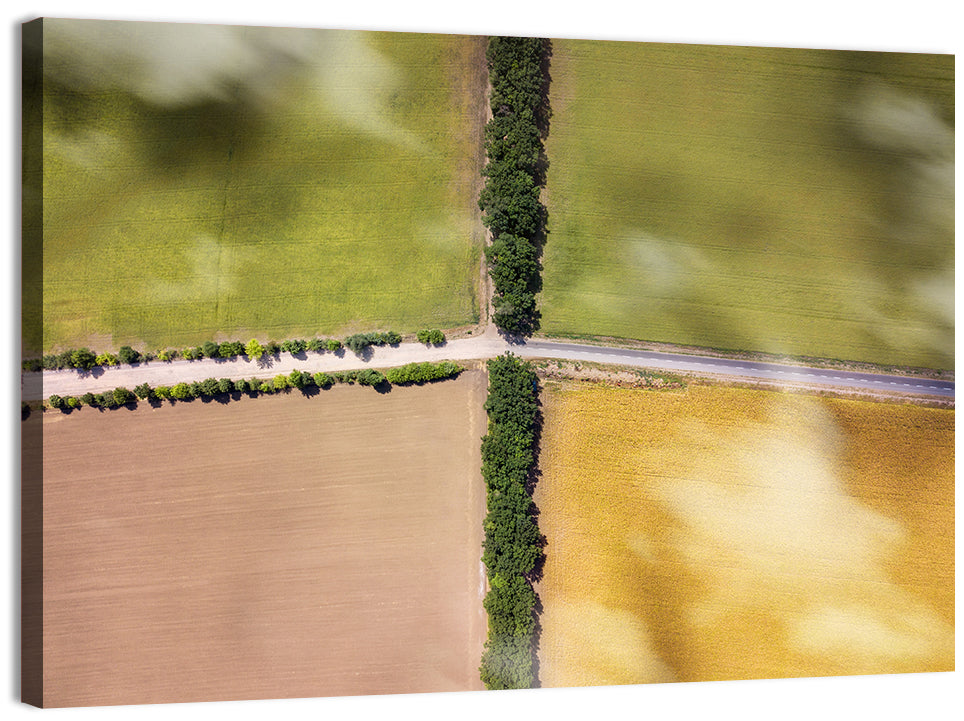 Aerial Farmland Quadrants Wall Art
====================
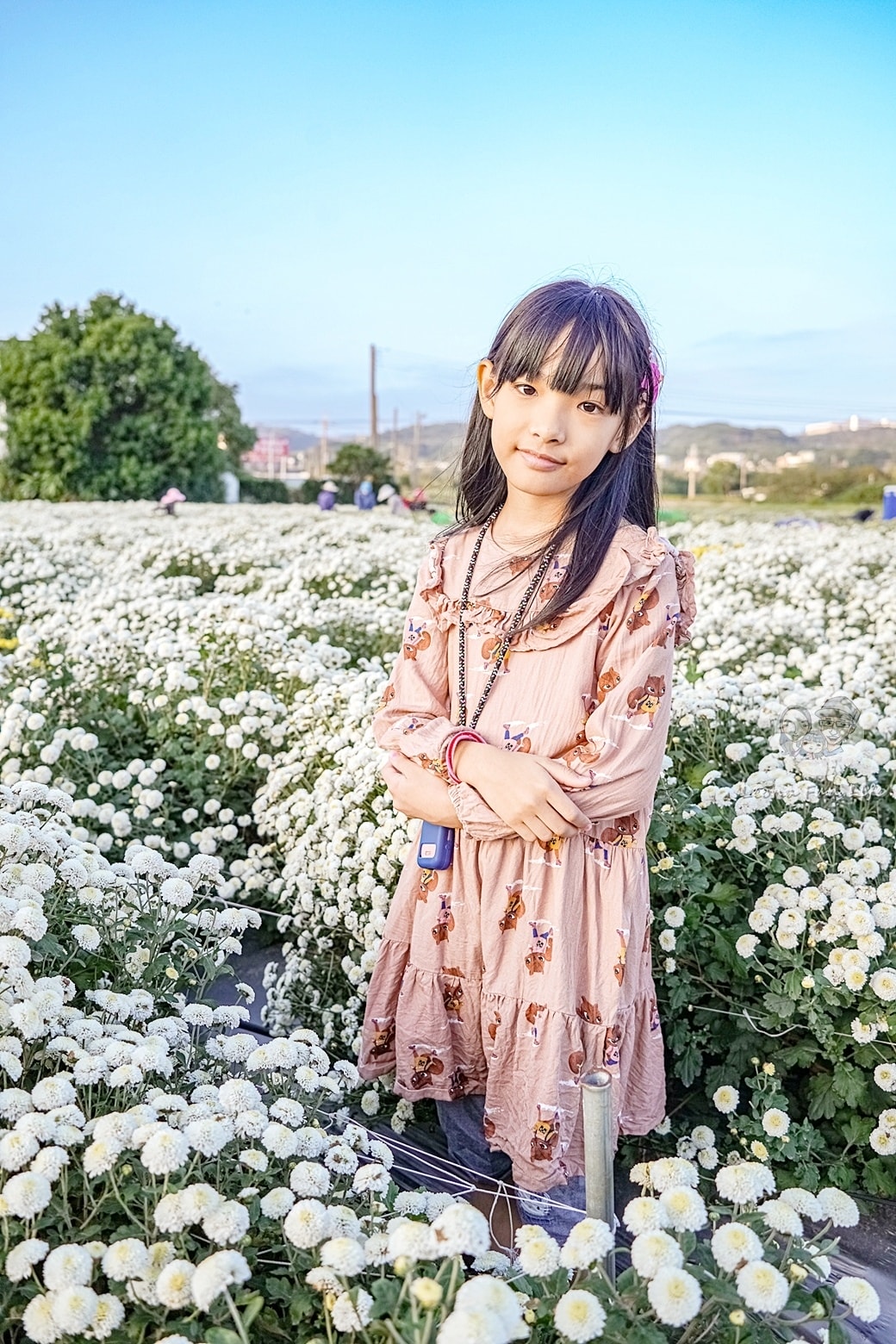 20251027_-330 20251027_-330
====================
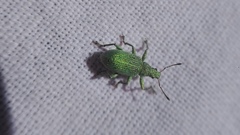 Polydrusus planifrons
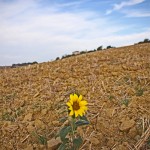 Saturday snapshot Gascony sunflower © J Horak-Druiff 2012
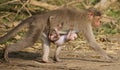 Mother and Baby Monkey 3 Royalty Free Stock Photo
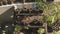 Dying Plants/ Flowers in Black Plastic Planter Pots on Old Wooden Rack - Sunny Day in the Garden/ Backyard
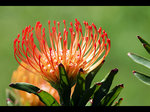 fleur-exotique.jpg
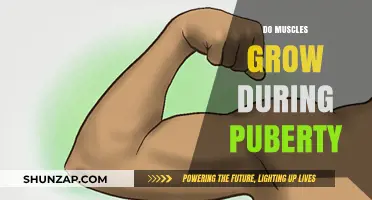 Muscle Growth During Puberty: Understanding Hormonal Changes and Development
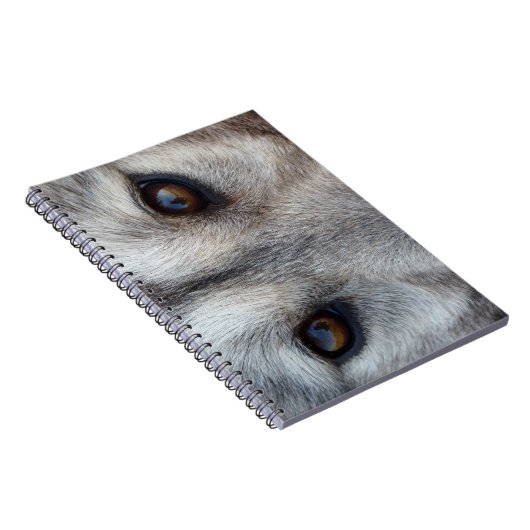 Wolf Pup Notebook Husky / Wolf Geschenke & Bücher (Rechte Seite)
====================
## [What to do]
Go to the line above holding "Dying Plants/ Flowers", then copy exactly each line down to and including the one holding "Wolf Pup Notebook", leaving pictures out.

## [Answer space]
 Dying Plants/ Flowers in Black Plastic Planter Pots on Old Wooden Rack - Sunny Day in the Garden/ Backyard
 fleur-exotique.jpg
 Muscle Growth During Puberty: Understanding Hormonal Changes and Development
 Wolf Pup Notebook Husky / Wolf Geschenke & Bücher (Rechte Seite)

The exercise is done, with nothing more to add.